_Data provided_:
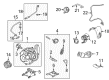 2016 Ford F-350 Super Duty Air Intake Coupling Diagram - FC3Z-9B613-A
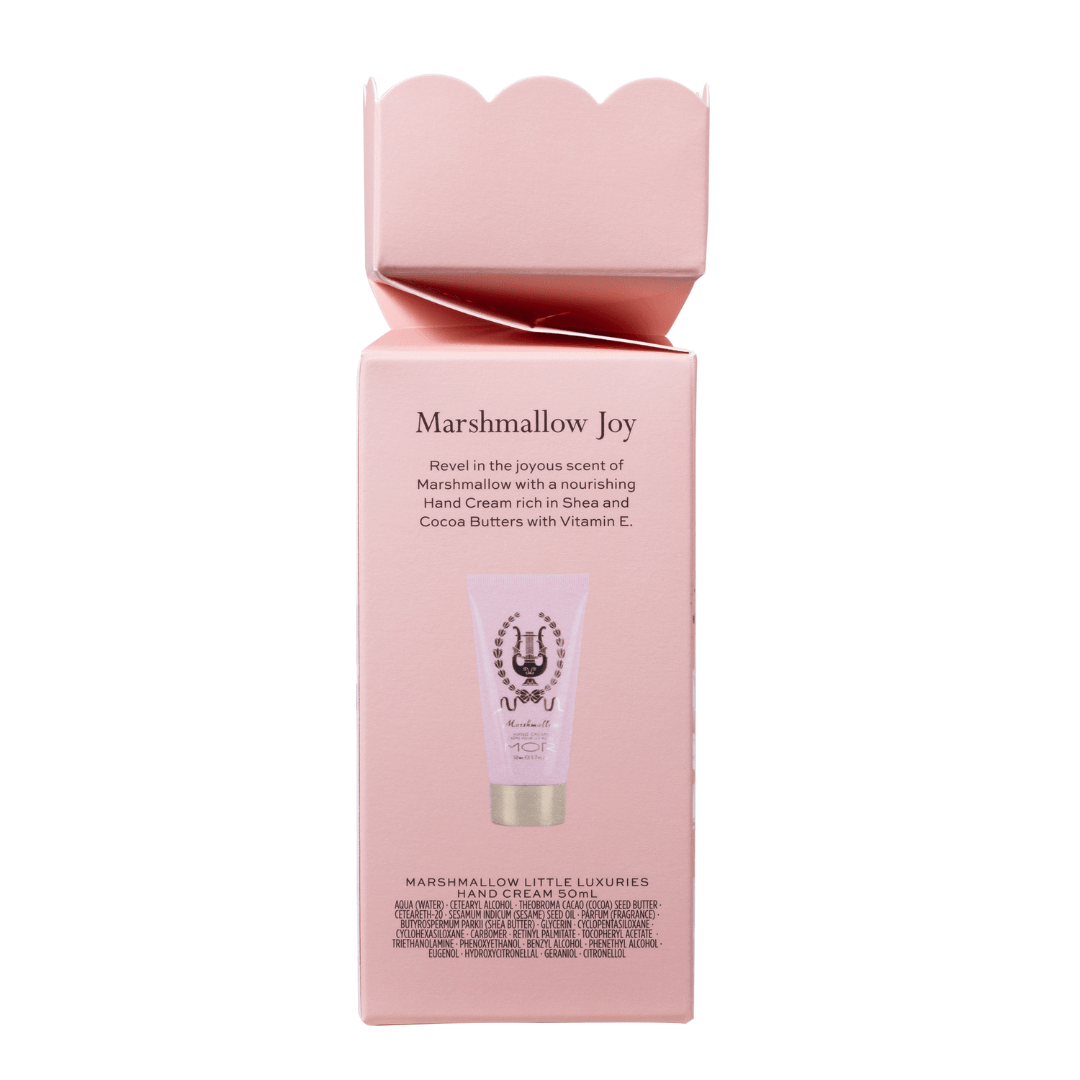 Hand Cream - Mor Boutique - MOR Marshmallow Hand Cream 50mL - The Gift Company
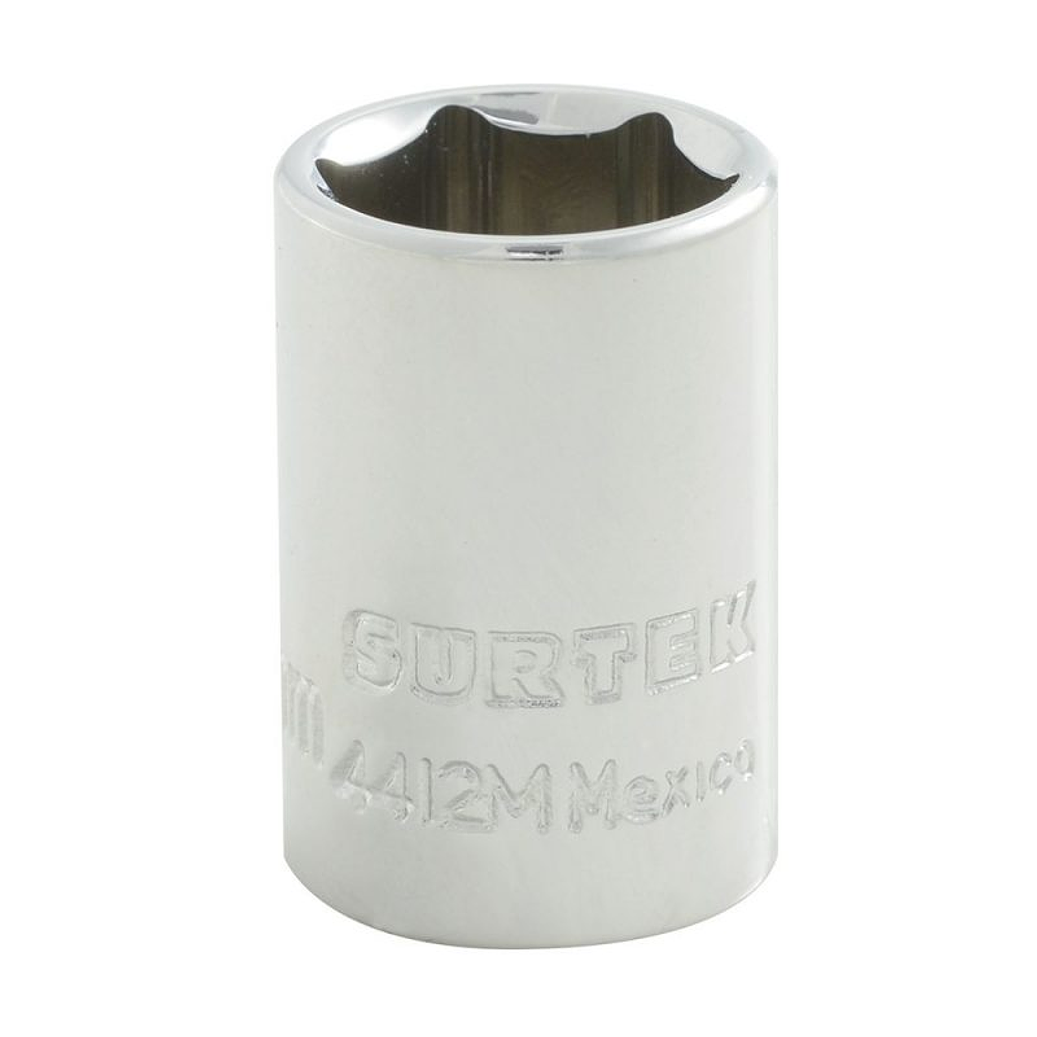 Dado largo cuadro de 1/4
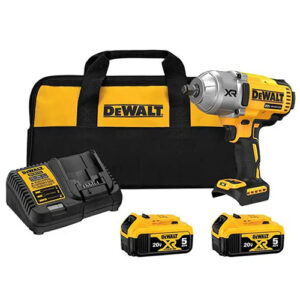 Kit Llave de Impacto de 1/2" (13mm) 20V MAX*.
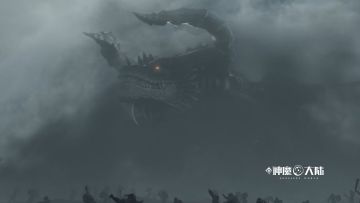 魔幻史诗系列CG第二部曝光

_Try it_: Could you repeat each line above exactly as written? Omit the pictures.

_Worked solution_:
 2016 Ford F-350 Super Duty Air Intake Coupling Diagram - FC3Z-9B613-A
 Hand Cream - Mor Boutique - MOR Marshmallow Hand Cream 50mL - The Gift Company
 Dado largo cuadro de 1/4
 Kit Llave de Impacto de 1/2" (13mm) 20V MAX*.
 魔幻史诗系列CG第二部曝光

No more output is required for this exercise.